Renunciando al modo de vivir del mundo, los monjes y las monjas herederos del monaquismo inspirado en San Benito de Nursia, teniendo como fin principal buscar a Dios (Cf. Regla de San Benito 58,7), se dedican a Él sin anteponer nada al amor de Cristo (Cf. Regla de San Benito 4,21), esforzándose por conciliar armoniosamente la vida interior y el trabajo, en el compromiso evangélico de la conversión de costumbres, de la obediencia, de la clausura y en la dedicación asidua a la meditación de la Palabra (lectio divina), en la celebración de la liturgia y de la oración. En una comunidad de consagrados que viven así, en la soledad, en el silencio, en la ascesis personal y en la comunión del amor fraterno, deseando reflejar el propio modo de vivir de Cristo, es posible encontrar manifestaciones particularmente ricas de los valores evangélicos.

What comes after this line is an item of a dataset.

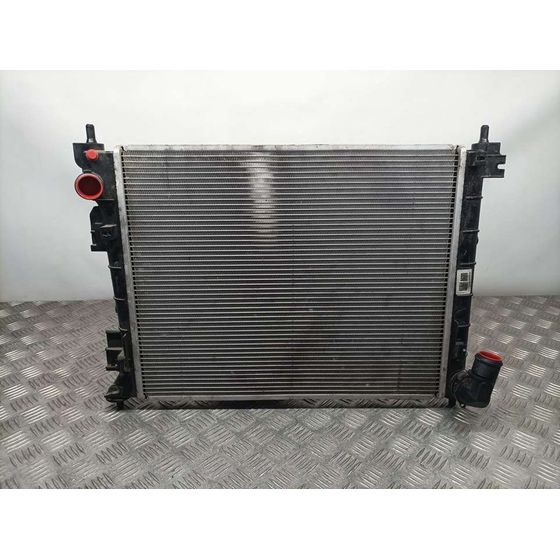 Radiador Agua Para Kia Stonic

El monje es alguien llamado por el Espíritu Santo a dedicar toda su vida a la búsqueda de Dios. En una cultura fuertemente secularizada y materialista, orientada a buscar los valores perecederos y pasajeros del tener y del placer, el monje se vuelve incomprensible porque él “no produce nada”. Su vida parece completamente inútil. Ni siquiera los cristianos se ven libres de esa inquietud por la aparente “inutilidad” del monje.

Sirviendo a la Iglesia

La vida monástica no puede tener otro fin último que no sea Dios, que debe ser glorificado por nosotros en todo y alcanzado como sumo bien y felicidad suprema. El mediador y el camino para el Padre es Cristo, que está presente en la Iglesia, en la Palabra de Dios, en los sacramentos y en la comunidad de los hermanos. Abrazamos la vida monástica bajo la guía del Espíritu Santo para que, orientados de modo especial, inmediato y radical, para este fin, tendamos a él continua y eficazmente y lo alcancemos.

Cuando nuestra profesión monástica (los votos) es recibida por la Iglesia, estamos también dedicados a su servicio, pues para nosotros Cristo está presente en la Iglesia, con la que se encuentra indisolublemente unido. Por esto, servir a Cristo es y debe ser servir a la Iglesia.

El monje no duda en dedicar toda su vida al Señor, aunque en su labor discreta y silenciosa por el Reino de Dios, luchando contra los valores del mundo que ve arraigados en sí mismo, no salga del anonimato. Pero aunque sea casi siempre anónimo, el monje no está solo. Para él es sobremanera elocuente la creencia en la comunión de los santos, ya que “ninguno de nosotros vive para sí mismo; como tampoco muere nadie para sí mismo” (Rm 14,7). El menor de nuestros actos hecho con caridad repercute en beneficio de todos, es en esta solidaridad entre todos los hombres, vivos o muertos, en la que se funda la comunión de los santos” (Catecismo de la Iglesia Católica, nº 953).